The story is two-stranded: we follow the fate of Philomena, a hunter requisitioned by the Dorset Yeomanry, who serves in Egypt and Palestine until the end of the First World War but does not come home afterwards, and that of her former owner, the redoubtable Griselda Romney, who in 1922 decides to travel east, with her young daughter Amabel and Nanny in tow, to try to find her horse.
I can't give away any more of the plot than that, but it is a gripping, completely unsentimental read, and a highly skilled combination of extremely well-researched but never intrusive fact and very plausible fiction. Its style is original: concise narrative, almost terse 'commentary', distinctive, pithy speech, but it's the ability of Rosalind Belben to put herself - and therefore the reader - in the horse's position which is so remarkable, and that is where the book's power lies.
I'll digress for a moment to one reference I recognised which interested me - Amabel "read to Nanny, stumbling, 'Pilot', from 'Pilot and Other Stories'..." That's a 1916 book by Harry Plunket Greene, famous singer, fisherman and writer (you can see him here, and there's more in this post) of whom we have a recording which includes the very sad folk song "Poor old horse".
But back to the book itself and its account of war (and life) from a horse's perspective, and then the plight of the animals left behind, something which so appalled Dorothy Brooke on her arrival in Egypt in 1930 that she set up this remarkable equine charity. You will learn much from the novel, and you'll be affected by it, but it is written with such emotional control that though you may remain dry-eyed you are unlikely to forget it.
I really liked this as well, but I found it challenging to read in terms of style. It took some getting used to, but the writing is lovely. I have one of her earlier books as well to read.
Posted by: Danielle | 02 January 2009 at 10:57 PM
Lovely new site ... and sounds like a marvelous new read. Happy New Year!

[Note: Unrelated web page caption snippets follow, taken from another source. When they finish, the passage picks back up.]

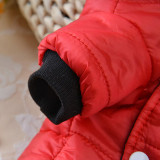 Dog Warm Winter Jacket Hoodie Coats Windproof Snowsuit Cat Clothing
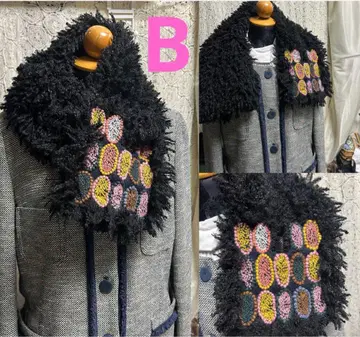 51110B 미나 페르호넨 핸드메이드 플러그 머플러 복슬복슬 타입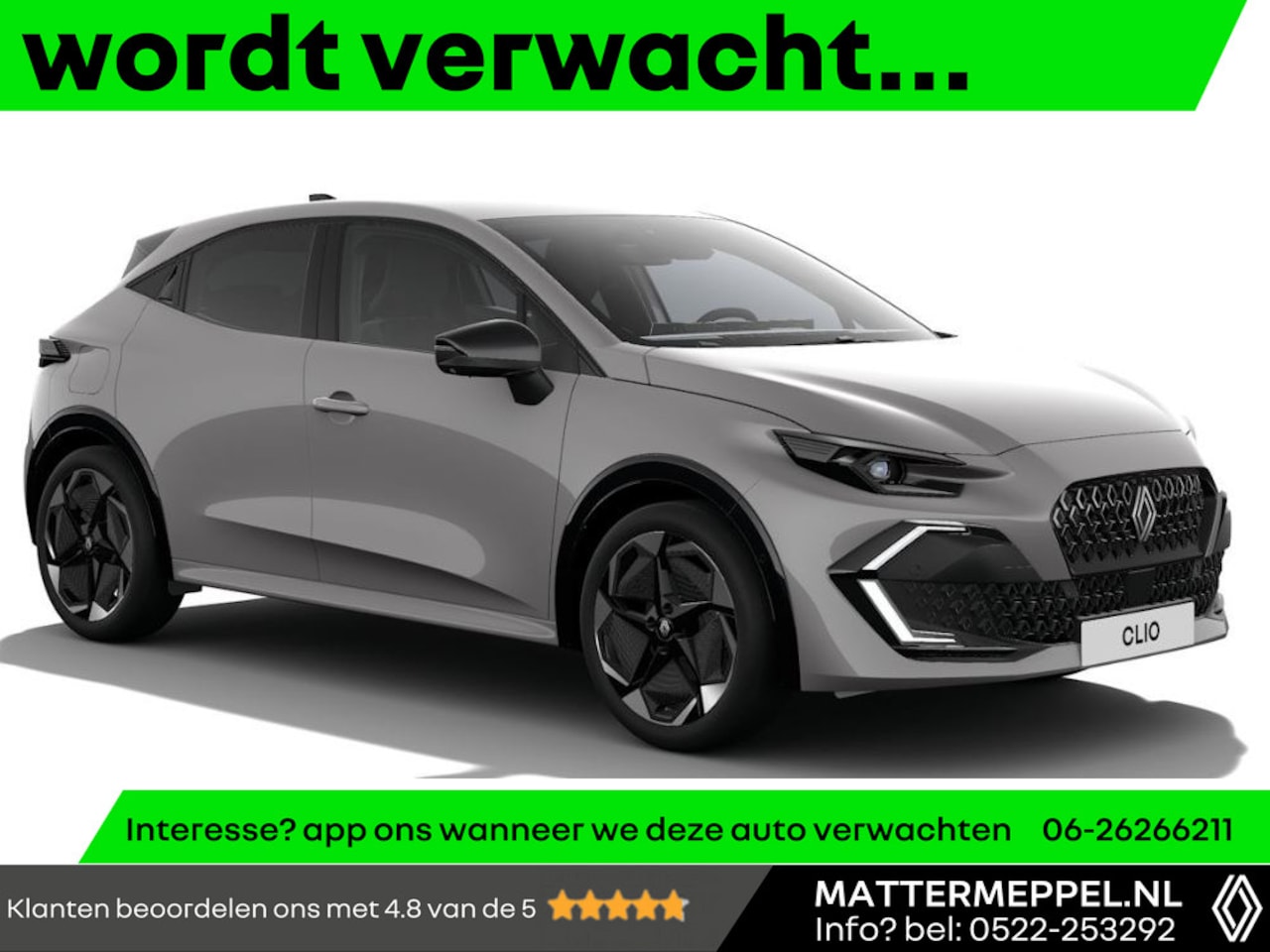 Renault Clio - 1.8 Full Hybrid 160 Techno | Vanaf € | Pack Première | 18 Inch | 360 Camera | Blindspot | - AutoWereld.nl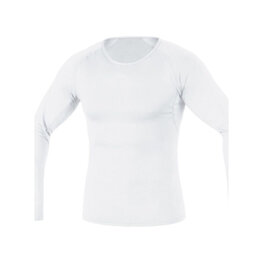 GORE Kolarska koszulka z długim rękawem - BASE LAYER - biały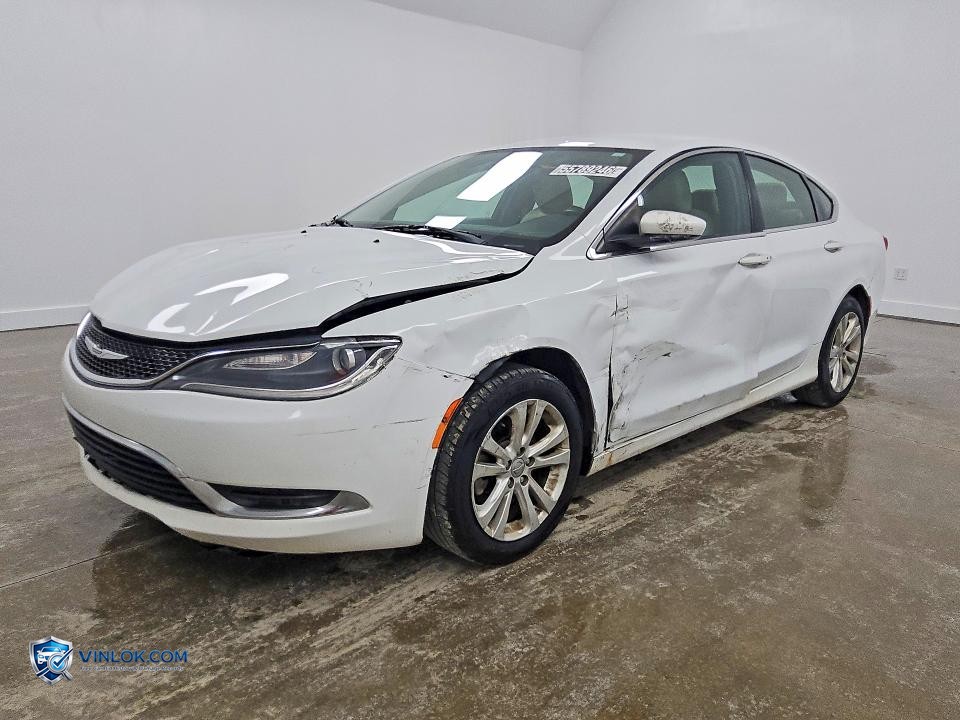 2017 CHRYSLER 200 LIMITED – Lot 55789246 auction photo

Posted by: Rebecca Chapman | 03 January 2009 at 12:45 AM
I enjoyed this book that I read some time ago. I particularly enjoyed your review. I am sending the book to a friend and I will enclose a copy of your review. Thanks! I'm glad to see the new Cornflower Books looks familiar. Happy New Year to All.
Linda C.
Posted by: Linda C | 03 January 2009 at 01:33 AM
You might want to read Michael Morpurgo's War Horse to compare - or to see the National Theatre's puppet version, which is gut-wrenchingly emotional.